O nadzwyczajnym skracaniu terminów czynności nie może być mowy, bo np. musi być przewidziana możliwość zgłaszania nowych kandydatów na prezydenta. A zgodnie z Kodeksem wyborczym kandydata na prezydenta „zgłasza co najmniej 100 tysięcy obywateli mających prawo wybierania do Sejmu” a zgłoszenie „musi być poparte podpisami zgłaszających”. Według nieoficjalnych informacji zamiar zgłoszenia nowego kandydata ma np. Platforma Obywatelska, której obecna kandydatka na prezydenta wicemarszałek Sejmu Małgorzata Kidawa-Błońska miałaby zrezygnować ze startu w wyborach.

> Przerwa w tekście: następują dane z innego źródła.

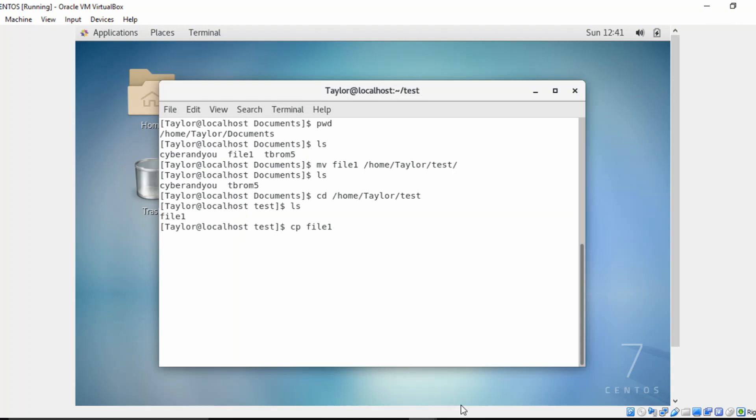And we'll just copy that file and create it as file two. So because I didn't specify another directory, it's actually just going to do it in this local directory test that I'm working in. So a list, as you can see, file one and file two.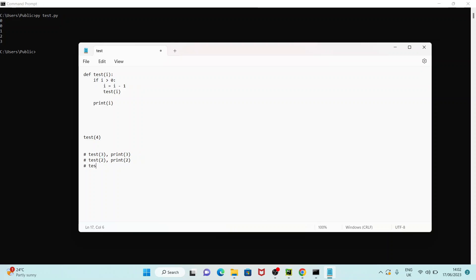So again it is going to call test(2), then test(1), and it is going to print 1. Next it calls test(1), which runs test(0) and then prints 0. When it runs test(0), it checks 0 greater than 0 — that is false — so it will not go inside again. So it is going to print 0 here.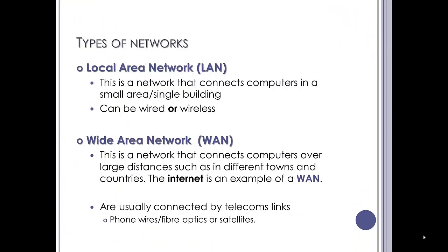There are two, well there are more types of networks than this, but we're going to look at two main types to start off with: a LAN and a WAN. LAN standing for Local Area Network and WAN standing for Wide Area Network.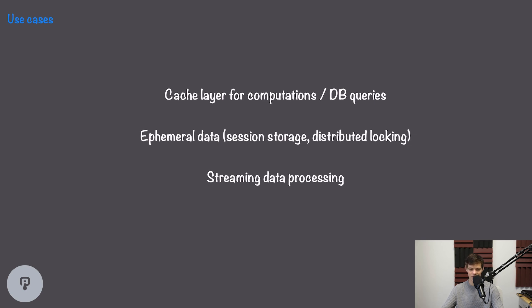Redis is also commonly used to store results from streaming data processing — streaming data comes in, we process it in real time, and the aggregated data is stored in Redis. If you want to learn more about use cases of Redis and other caching systems, check out the Systems Fundamentals course on interviewpen.com.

Na zgłaszanie i zbierania podpisów pod kandydaturami musi być czas, dla przykładu w wyborach, które miały się odbyć 10 maja było na tę czynność ponad półtora miesiąca – wybory były ogłoszone 5 lutego, a termin na zgłaszanie do Państwowej Komisji Wyborczej kandydatów upływał 26 marca. W obecnej sytuacji pandemii proces ten może być dodatkowo utrudniony.

Trudno byłoby też skrócić termin na liczenie przez PKW podpisów pod kandydaturami. Jak wyjaśnia Tomasz Grzelewski każdy z 40 utworzonych komitetów wyborczych składał 100 tys. podpisów poparcia, które napływały do KBW i konieczne było ich liczenie i sprawdzenie. – Średnio liczenie 100 tys. podpisów zajmuje 3 dni, a oprócz liczenia dokonuje się sprawdzenia m.in. czy taka osoba żyje, czy zgadza się jej PESEL, adres zamieszkania, nie da się tego przyspieszyć – podkreśla.

Ile było czynności wyborczych w kalendarzu?

Czynności wyborczych, jakie przewidywał kalendarz wyborczy ogłoszony 5 lutego na wybory mające się odbyć 10 maja było 20. Wśród nich są m.in.: zawiadamianie PKW o utworzeniu komitetów wyborczych kandydatów na prezydenta RP; powołanie okręgowych komisji wyborczych, zgłaszanie do PKW kandydatów na prezydenta; utworzenie obwodów głosowania w szpitalach, DPS, więzieniach; podanie do wiadomości publicznej informacji o numerach i granicach obwodów głosowania i siedzibach komisji; powołanie obwodowych komisji; sporządzenie spisów wyborców; podanie danych o kandydatach; rozpowszechnianie audycji wyborczych; składanie wniosków o sporządzenie aktu pełnomocnictwa do głosowania czy składanie wniosków o dopisanie do spisu wyborców.